Mississauga has made a distinction between two types of e-bikes, when it comes to operating e-bikes on multi-use paths. Only e-bikes weighing less than 40 kg. (88 lbs) are allowed on multi-use trails including those in parks and on boulevards. This is intended to exclude the heavier scooter-style electric powered bikes that operate using a throttle. E-bikes that resemble a conventional bicycle that must be pedalled, but have a power-assist function, are permitted to use multi-use trails. For bike lanes, Mississauga hasn’t made any distinction, so all e-bikes would currently be allowed in bike lanes.
9. Has your jurisdiction encountered any safety issues such as vandalism? If so how have your addressed them?
No nothing notable.
10. Is your municipality a Smart Commute employer? If so if and how does that inter-act with the Pedestrian and Bicycle Plans?
Yes. Work closely with Smart Commute on Bike to Work Day programming. Have a Smart Commute Employee Bike Share for municipal staff.
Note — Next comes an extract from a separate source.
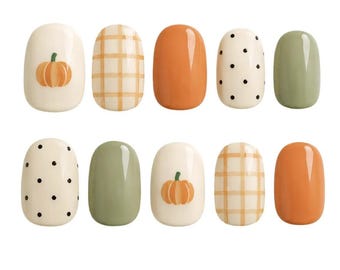 May include: A set of ten press-on nails featuring a variety of designs including cream backgrounds with orange pumpkins, tan plaid patterns, solid orange, cream with black polka dots, and solid sage green finishes in a glossy texture.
11. Does your municipality have any pedestrian and bicycling certifications? Bike Friendly Community?
In 2012, received bronze designation of Bike Friendly Community
12. How does your municipality use bikes? ex – Police on bikes, by-laws?
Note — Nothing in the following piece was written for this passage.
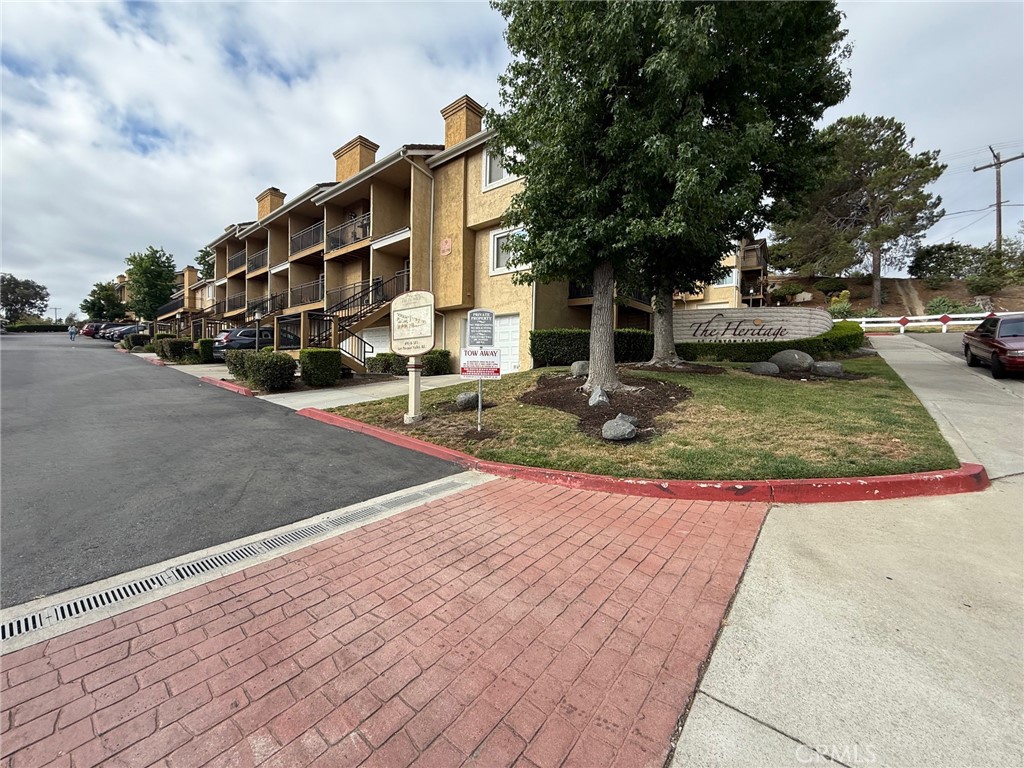 Charming 3-bedroom, 2-bath condo located in the desirable Heritage and Canyon Pointe HOA. This is a top level unit with one assigned parking (#134) and all-electric with no gas. The interior has been freshly painted, new flooring in the main living room areas, decent size kitchen, with granite countertops, appliances included, good size living room, dinning area, with a private balcony. Access to amenities such as pools, a clubhouse, and a fitness center.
Police have bike units. Corporate security and bylaw enforcement have a bike fleet, they also enforce bike laws. There are 20 bike unit officers plus 2 supervisors for the Peel Police in the City of Mississauga of a total of 557 officers in the City of Mississauga (3%). There are 4 City of Mississauga by-law enforcement officers of a total of 50 officers (8%). There is a bike fleet for employees at city hall, they can borrow. If employees use their own bike to get to a meeting they can make a claim and get money back for the amount that it would have cost them to use public transportation.
13. Has your jurisdictional considered the increasing levels of health concerns (ex. increasing obesity levels among children)? If so what resulted from the consideration? How has this factored into the plan?
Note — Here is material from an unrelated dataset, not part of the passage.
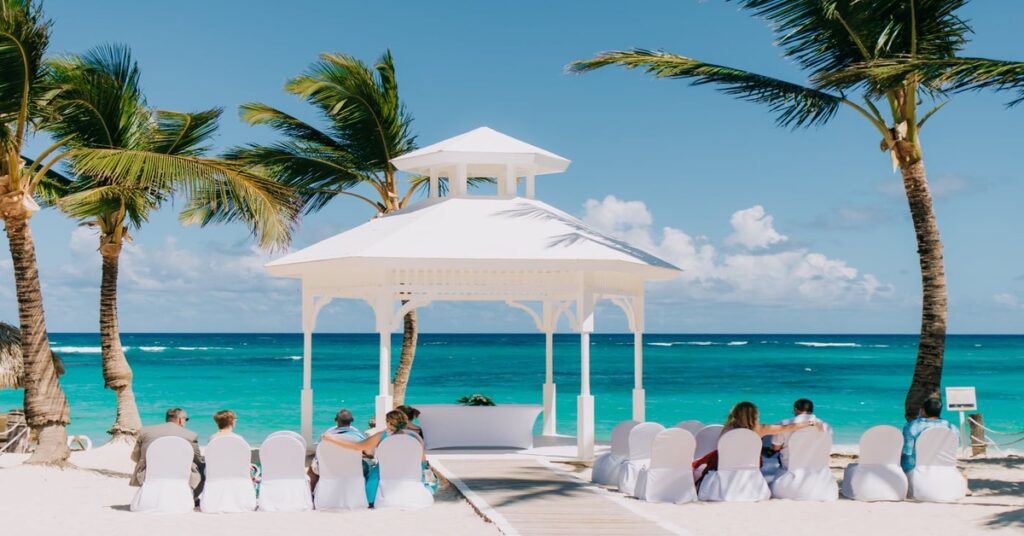 A couple posing for wedding photos on the white-sand beaches of Punta Cana, Dominican Republic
Considered but emphasis on this has emerged after the Cycling Master Plan was approved. Peel Public Health is very concerned about this issue, particularly since they completed their Active Transportation Plan, and recent findings about increasing obesity and higher levels of disease (diabetes) in the Region. The Medical Officer of Health co-presented the Active Transportation Plan to Peel Region Council and to local council, partnership report, suggesting these changes are essential to having a healthy community.
14. Is your jurisdiction providing programs regarding the environment and transportation (ex. bike to work/school programs, carpool etc).
Yes, involved in several Smart Commute initiatives such as: car pool and a successful bike to work day kick off, to encourage people to bike to work regularly. Autoshare program is being piloted. Several Bike Month events. The City and the Region work on walk to school / bike to school and school travel planning initiatives.
15. Any suggestions, for knowledge that would be valuable to you? Information requests? Capacity building? Implementation support? Problem Solving? Community Engagement Strategies?
Having a better way to communicate among jurisdictions would be very helpful. We need a better venue to share best practices, implementation support and community engagement/ education strategies.